I need more poetry in my life. This occurred to me not long ago when I noticed on my shelf Bill Brown‘s book, The Gods of Little Pleasures. I had bought this in a tiny craft store in Virginia on my honeymoon 12 years ago, and had still not finished it. This week, I finally did.
And loved it. Brown’s poetry is exactly the kind of thing I like. His themes include reverence for age and a domestic life enhanced by appreciation for the natural world. I wish I could share more of this wonderful collection, but here are two items.
First, Brown reading the last poem in the book, from which the title comes:
“Worship” appears to be the end of a little trilogy that concludes The Gods of Little Pleasures. The other two–“Backwoods Vespers” and “Prayer”–are also excellent.

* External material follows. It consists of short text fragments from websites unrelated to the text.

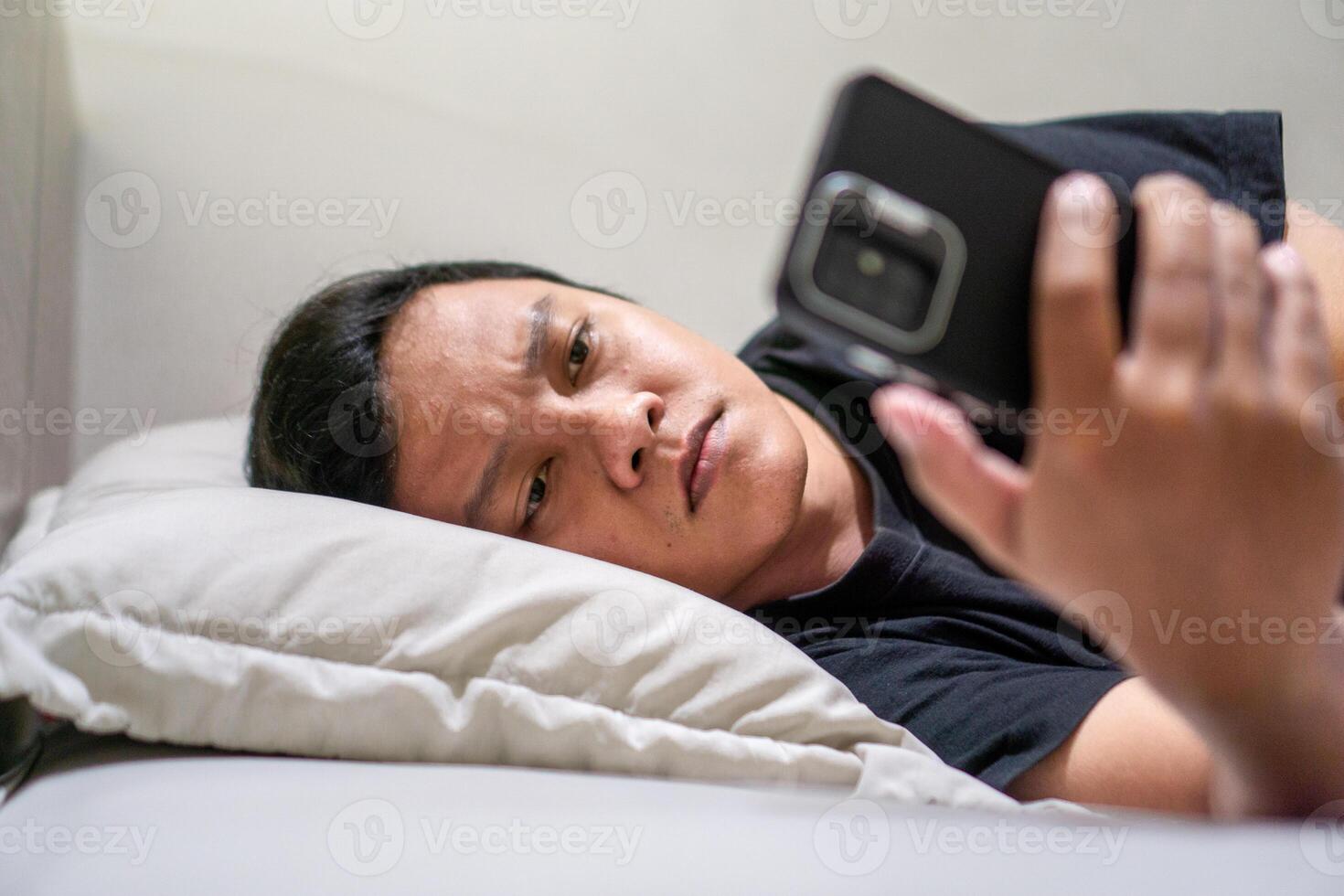 Young Asian man lying on bed while using smart phone. Man using smartphone in bed at night. Bad habit concept. photo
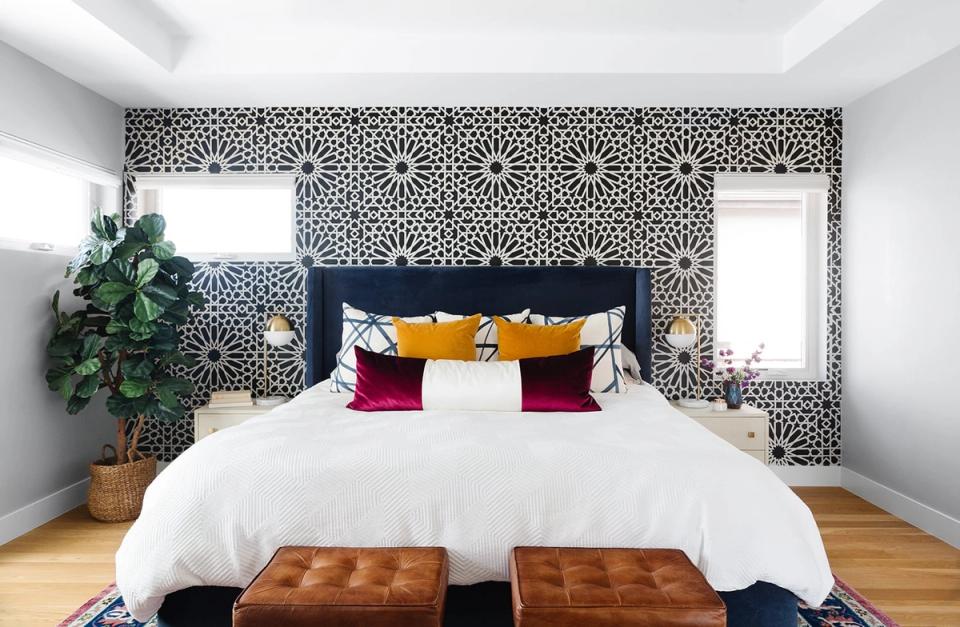 Modern bedroom with geometric patterned accent wall, navy headboard, colorful pillow mix, and warm wood flooring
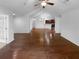 Spacious living room with hardwood floors and access to the kitchen at 409 Kenley Ct, Mcdonough, GA 30253
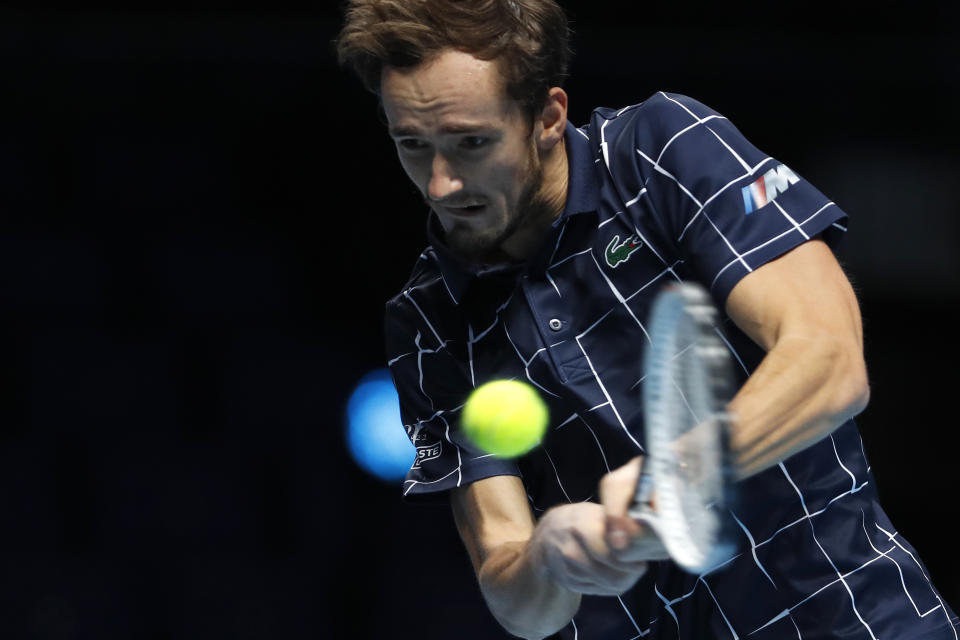 Daniil Medvedev of Russia plays a return to Diego Schwartzman of Argentina during their singles tennis match at the ATP World Finals tennis tournament at the O2 arena in London, Friday, Nov. 20, 2020. (AP Photo/Frank Augstein)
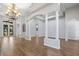 Bright dining room features columns, wood floors, and chandelier at 2256 Kettle Dr, Orlando, FL 32835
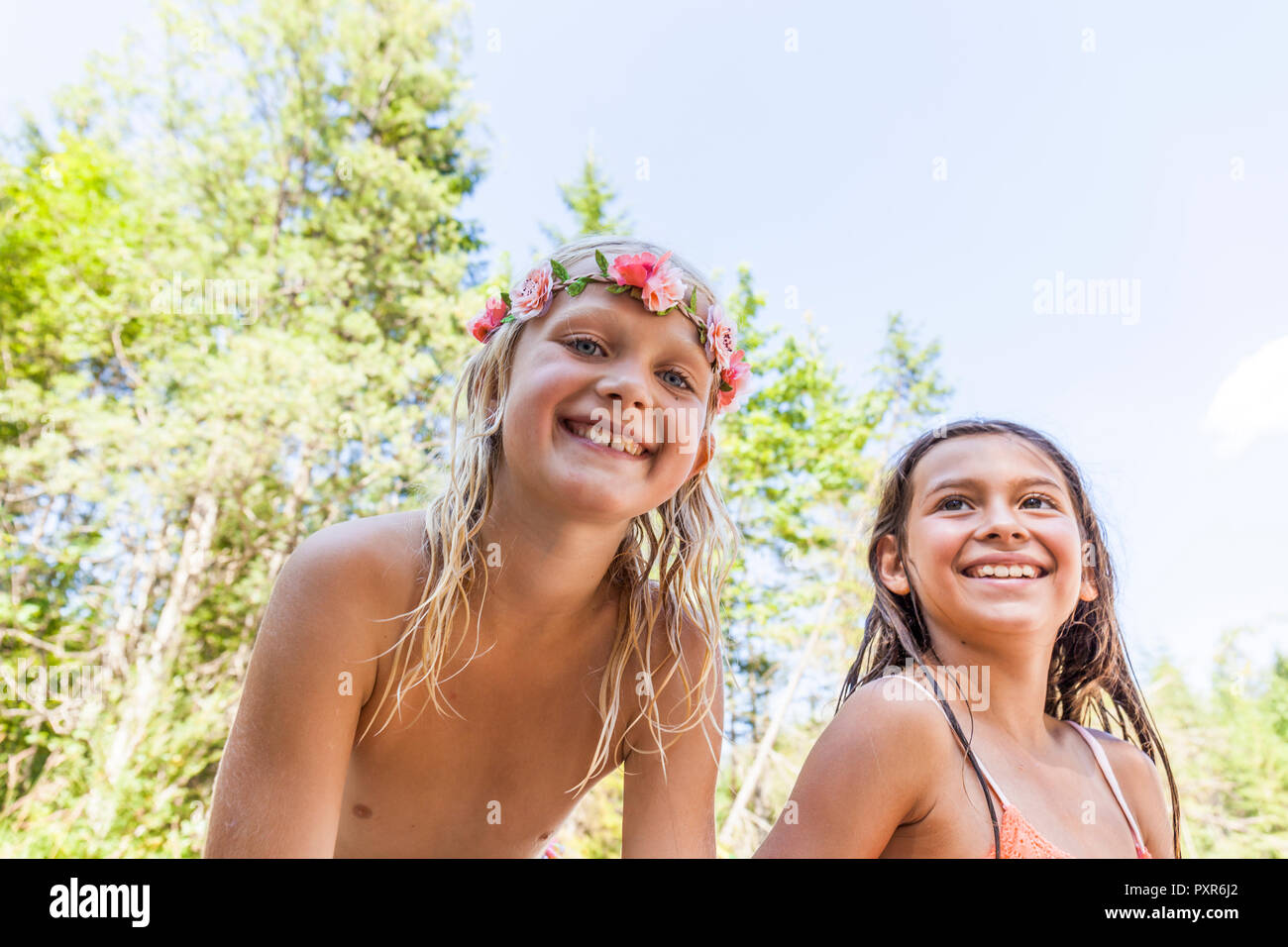Retrato de niña alegre portando corona de flores y amigo al aire libre en verano Foto de stock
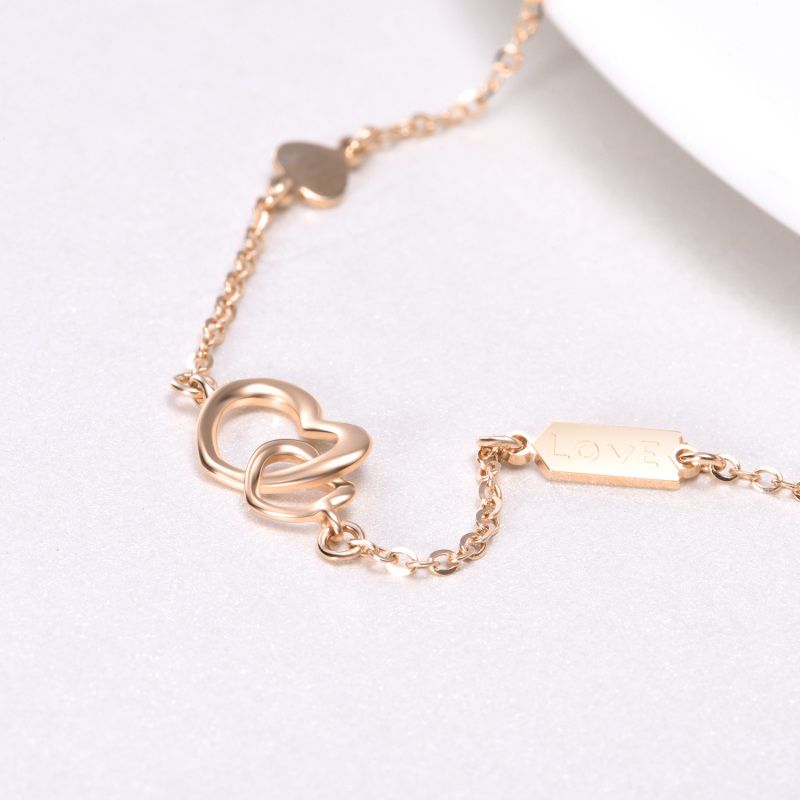 10K Rose Gold Interlocking Hearts Charm Bracelet With Engraved Word For Women-4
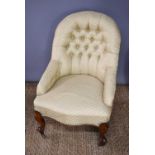 A Victorian button-back nursing chair, upholstered in eau-de-nil, Art Deco style, fan fabric.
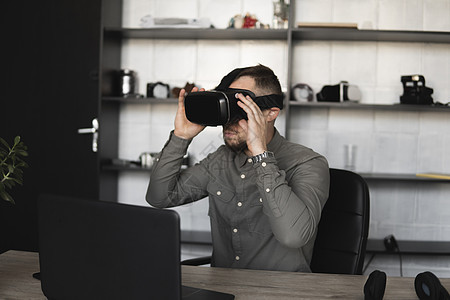 困惑或悲伤的留着胡子的年轻男子戴着虚拟现实眼镜坐在电脑前 现代技术 未来技术的概念白色成人男人享受风镜展示眼镜工作室胡须耳机图片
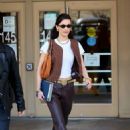 Bella Hadid – In a brown leather pants and snakeskin booties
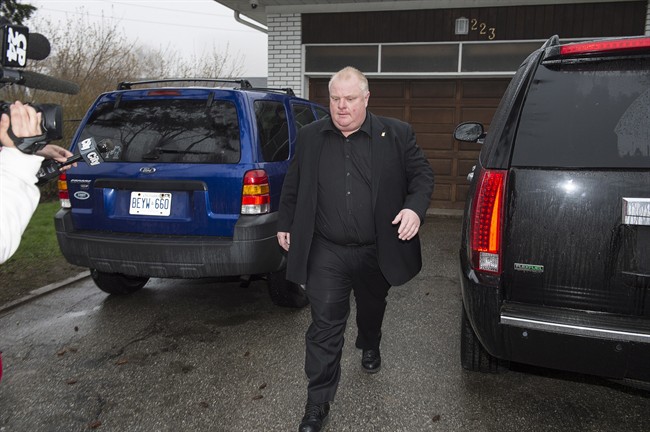 Toronto Mayor Rob Ford leave his home early Thursday May 1, 2014. THE CANADIAN PRESS/Frank Gunn.
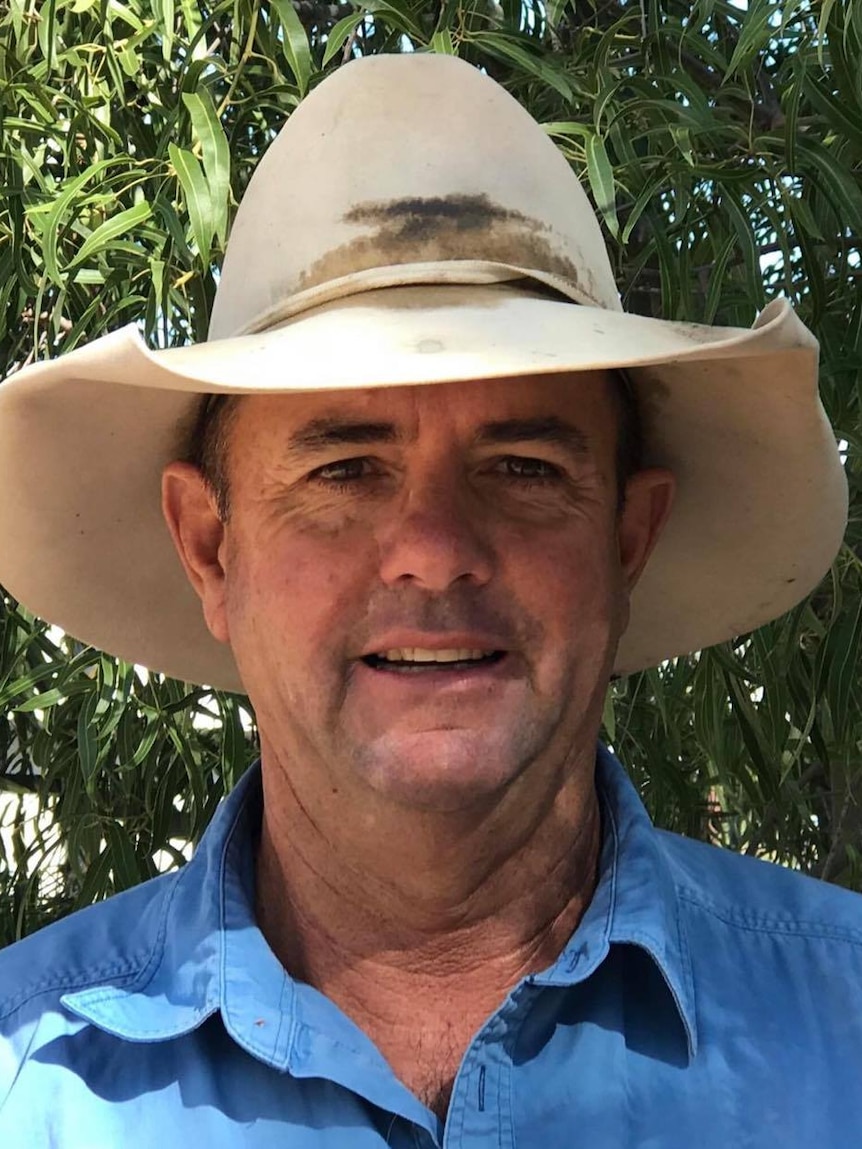 A man in a rural-style hat and blue shirt stands in front of a tree smiling.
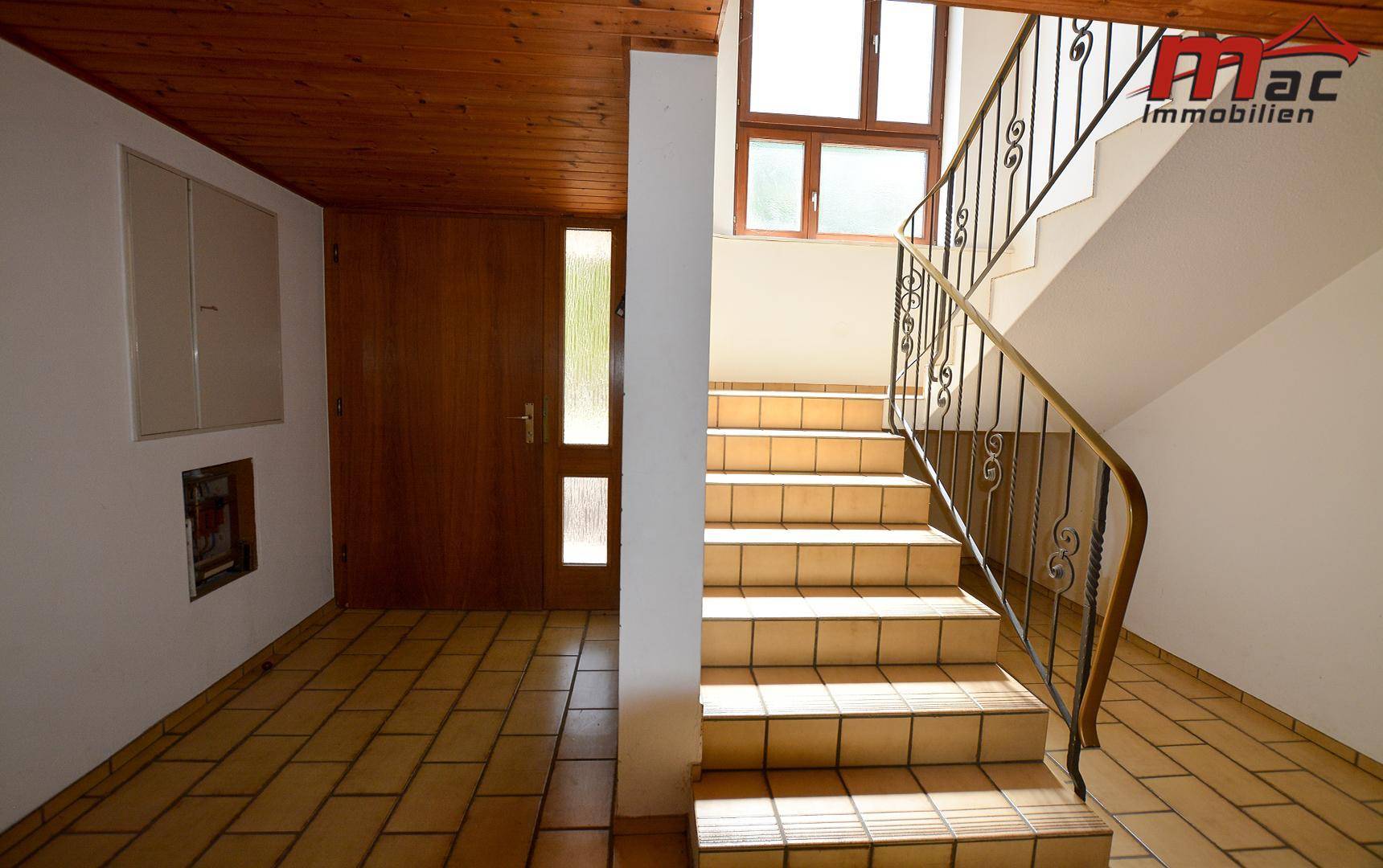 Heller Eingangsbereich mit gefliestem Boden, Holzdecke und einer geschwungenen Treppe mit schmiedeeisernem Geländer.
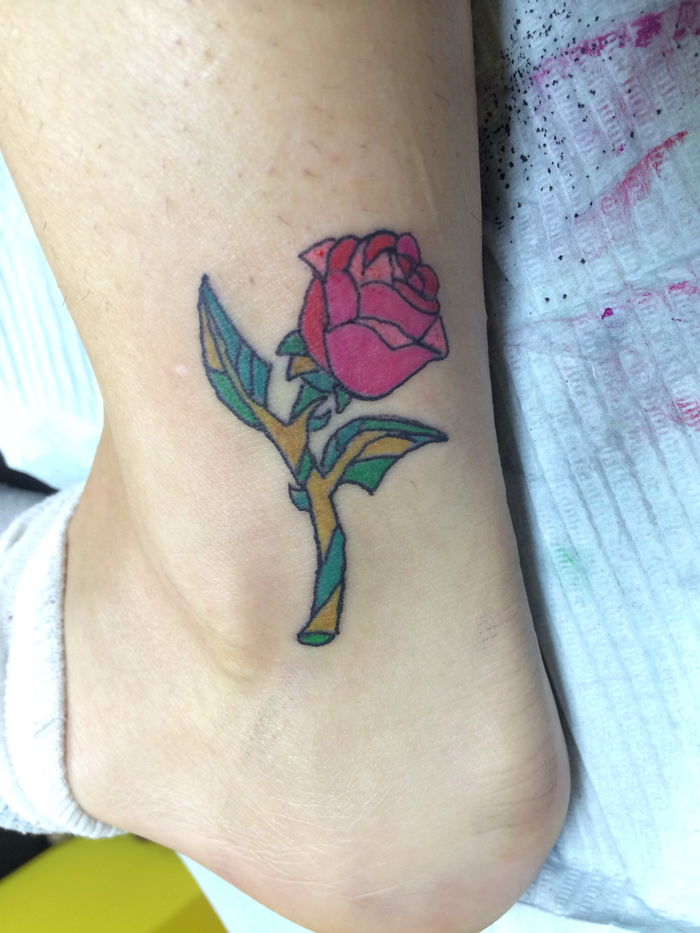 spójrz na ten mały tatuaż na kostce - pomysł na czerwoną różę z zielonymi liśćmi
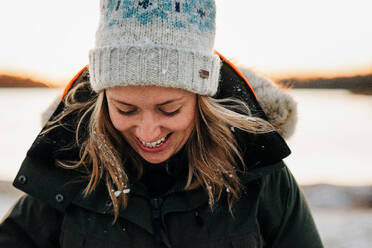 Portrait of woman with snow in her hair laughing at sunset - CAVF73738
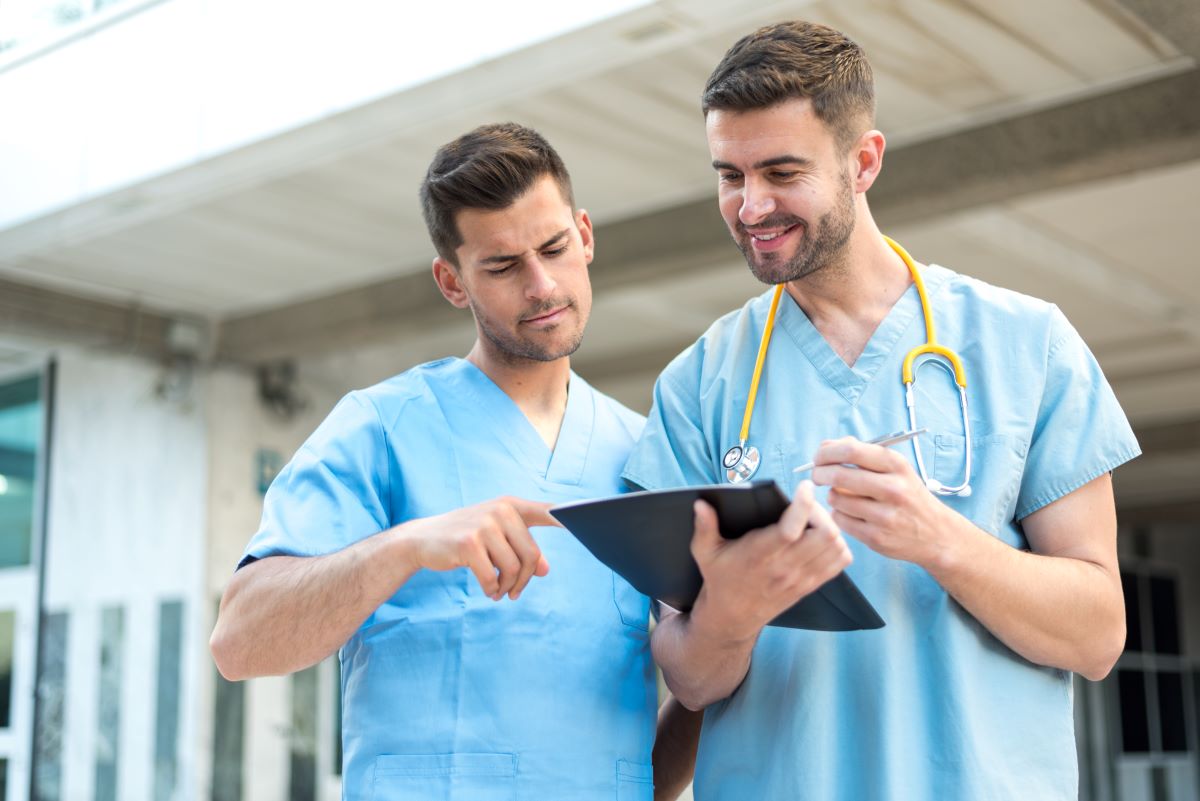 Two nurses discuss a patient's chart.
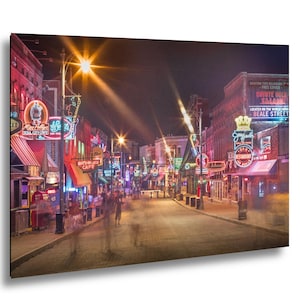 Pode incluir: Uma cena noturna de rua com letreiros de néon e figuras borradas. Os letreiros anunciam negócios como "Soul City Love" e "Beale Street". A imagem é uma representação vibrante da vida da cidade, com luzes brilhantes.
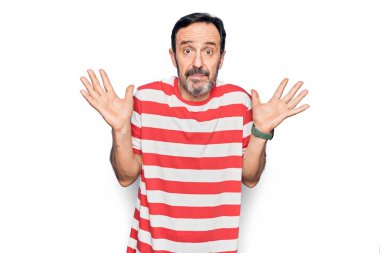 Orta yaşlı, çizgili tişört giyen yakışıklı bir adam izole edilmiş beyaz arka planda duruyor ve kolları açık, hiçbir fikri ve şüpheli bir yüzü yok..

Second, here’s another one I loved, appropriate for this time of year:
The cat on the porch cocks an eye
as I tote wood for October’s fire. Perhaps she
remembers naps beside the hearth.
“First frost, first fire,” my father said;
and this morning’s yard is ashimmer.
Lost in the push of my life, the one
to earn bread and shelter, it’s good
to recognize an order both immediate
and beyond my plans. Hope, like desert rain,
is always welcome. That’s the danger.
This morning hope comes in little rituals
lost to summer: splitting wood, gathering
kindling from oak branches at the fence.
Building the first fall fire is like lighting
a prayer candle to some space lost
among the daily rhythms of the heart.
One can stop time only in dreams,
but at the edge of a season, I sense
a slowing of the blood; something resolute
and fleeting is remembered for an hour,
then forgotten. I take my coffee to the porch,
sit by the cat, and watch the first smoke rise
in unknown messages toward heaven.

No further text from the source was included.